Je reviens à peine de France et Suisse, où j’ai pu vous parler de ce que nous pouvons faire pour sortir de cette “matrice” artificielle. Comme vous le savez, j’apprécie particulièrement les moments de questions-réponses avec vous. J’aime découvrir vos façons de percevoir le monde, trouver ce qui nous rassemble et nous différencie, mais aussi être testé dans mes propres perceptions.
Quelle richesse que l’humanité diverse ! Pourquoi vouloir uniformiser nos perceptions, nos choix de vie, nos croyances, nos enthousiasmes ? C’est bien là la marque d’un monde malade. L’un des grands signes de la tradition essénienne est l’Alliance primordiale sous la forme de l’arc-en-ciel donné à Noé : toutes les nuances de la vie sont issues de la même Lumière. A Lausanne, on m’a demandé si finalement, le monde n’était pas mauvais, créé par des dieux déchus, porteur en lui-même d’imperfections coupables, nous condamnant à errer dans un monde malade tout en sachant que nous pourrions vivre ailleurs autrement… Certaines traditions en effet parlent du mal intrinsèque du “monde”, nécessitant que le sage s’en retire, s’enfuit, le haïsse. En parlant quelques instants avec celui qui me posait cette question, je découvrais le fond de son argument : puisque le chat mange la souris, et que c’est laid et mal, ce monde est sans aucun doute laid et mauvais.

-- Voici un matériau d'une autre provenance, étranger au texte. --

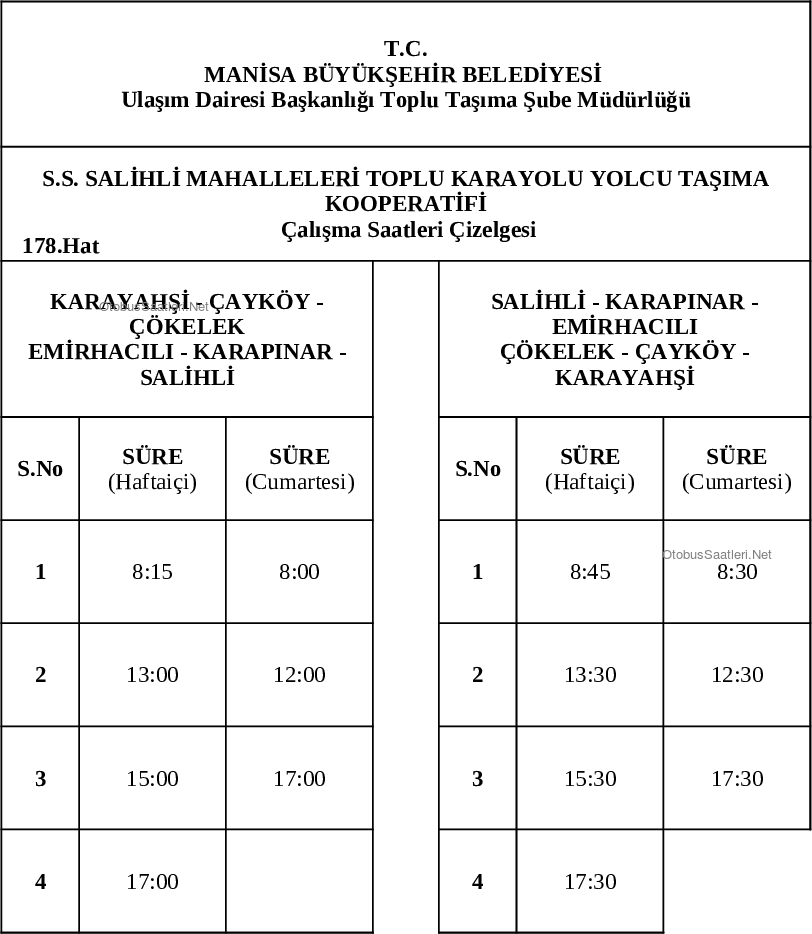 178 Manisa Otobüs Saatleri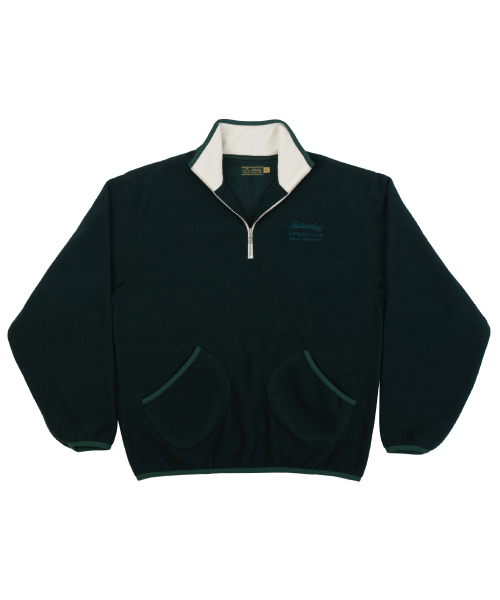Leisure Terry Fleece Half Zip-Up Sweater(Unisex) - British Racing Green & Ivory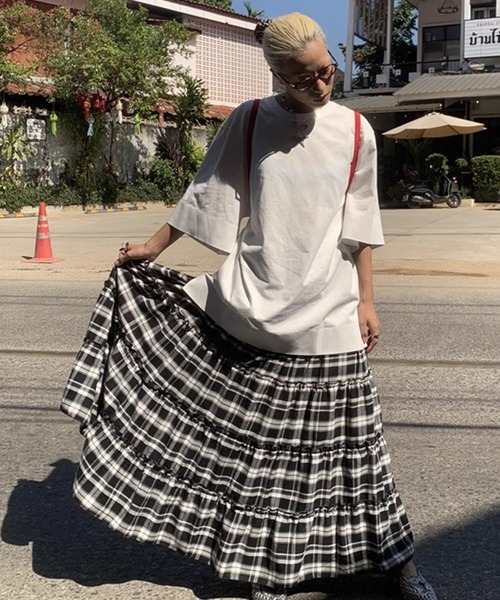 chuclla(チュクラ)の「【LONSLAN】ストラクチャード オーバーサイズTシャツ CHLONW25s015(Tシャツ/カットソー・レディース・ブラック/ホワイト・FREE)」の5枚目の写真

Je peux vous en parler car j’ai moi-même été hanté par ce sentiment durant des années. J’y ai même trouvé une force supplémentaire pour être Essénien, c’est-à-dire “hors du monde” (selon ma croyance de l’époque). Aujourd’hui, et alors que la nécessité de sortir de la matrice artificielle ne m’a jamais autant sauté aux yeux, je ne crois plus ces affirmations qui font du monde un lieu de damnation. Pourquoi ?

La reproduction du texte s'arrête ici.